The bargain they reach is puzzling. He will parade her through the ton as his mistress in name only, masked, until such time that he chooses to reveal she is, in fact, the dead heiress raised from the grave, proven to be a liar, a thief, and ruined just as she ruined his life. And still she places conditions on telling the truth - if he treats her like a whore, she says, he'll pay her like one - £10 for a visit to the dressmaker, and on and on. Temple tells her she owes him the truth. He has no idea if they were intimate, if he hurt her, if she became pregnant, or if one of the boys at the orphanage is his son. But Mara coldly refuses, telling him:

 

"We negotiated the terms of our agreement, Your Grace. You get your vengeance, and I get my money. If you would like the truth, I am happy to discuss its cost."

 

There's a point in which she becomes enraged when Temple actually calls her a whore. But why the outrage? It's not like she didn't refer to herself as such, and she is placing a monetary value on every bit of information she gives him and every moment spent in his company. Her actions afterward are really hard for me to understand and result in a bloody almost deadly confrontation between Temple and Kit, Mara's worthless brother. And there's the expected "death bed deal" in which she promises to tell all if only Temple pulls through.

 

Then there's Temple, aka William Harrow, aka the "Killer Duke" and his weird I-hate-Mara-but-I-want-to-kiss-her-senseless seesaw almost from the start. Why was he intrigued by Mara? I understood his anger with her completely, but then he is sidetracked by her remarkable eyes or auburn hair or long legs. It was nonsensical to see how quickly that anger turned to lust and to love because she was just playing a game still, jockeying for power and control in a situation that was all wrong for power struggles.

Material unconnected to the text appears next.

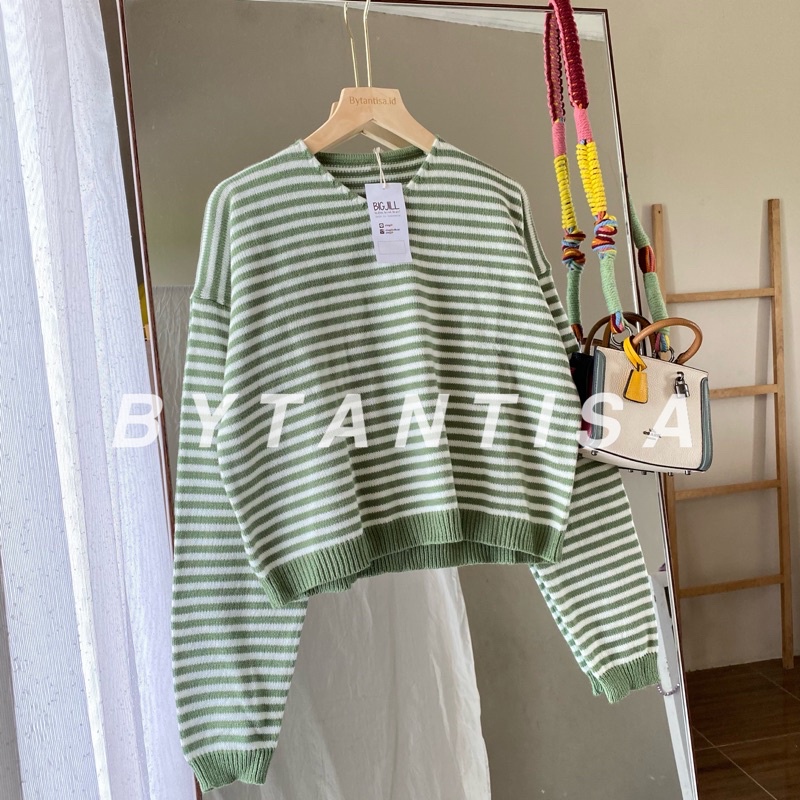 KHALIFASTOREE - SWEATER CROP RAJUT PENDEK STRIPPY MOTIF GARIS OUTWEAR/SWEATER RAJUT WANITA/SWEATER RAJUT STRIPE/BAJU RAJUT/SWEATER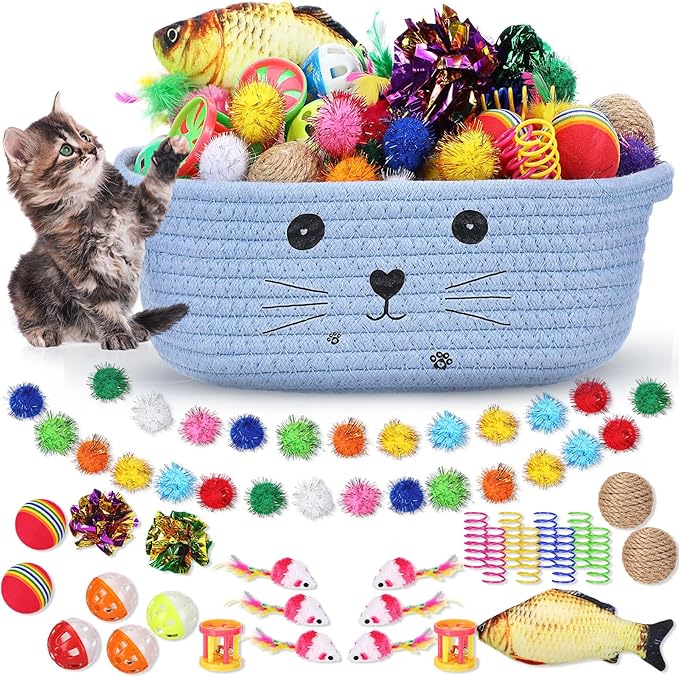 Zopeal 58 Pcs Valentine's Day Cat Storage Basket Gift Toys Set, Colorful Flashing Balls Pet Bell Crinkle Balls Spring Toys Attract Cat to Swat, Hunt, Interactive for Pet(Light Blue,9.8 Inch)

Was it supposed to make her look assertive and bold and fearless to continually withhold the truth from Temple? It didn't. It made her appear cold, calculating, and cruel. Temple doesn't trust her and with good reason, because even after she is fully aware of how her actions affected his life, she threatens to run and hide again several times, taking the truth of that night with her. She practically charges him for conversation. She has no remorse and offers no apology. Yet he admires her, is drawn to her, is attracted to her "strength", and eventually gives up his plan to ruin her. This was puzzling to me.

 

I have enjoyed reading the other books in this series, and Temple was a a story I really looked forward to, but No Good Duke Goes Unpunished fell flat for me. There is a surprising twist at the end in regard to Chase's upcoming story, but I'm not sure I'll be racing to read this as soon as it's released.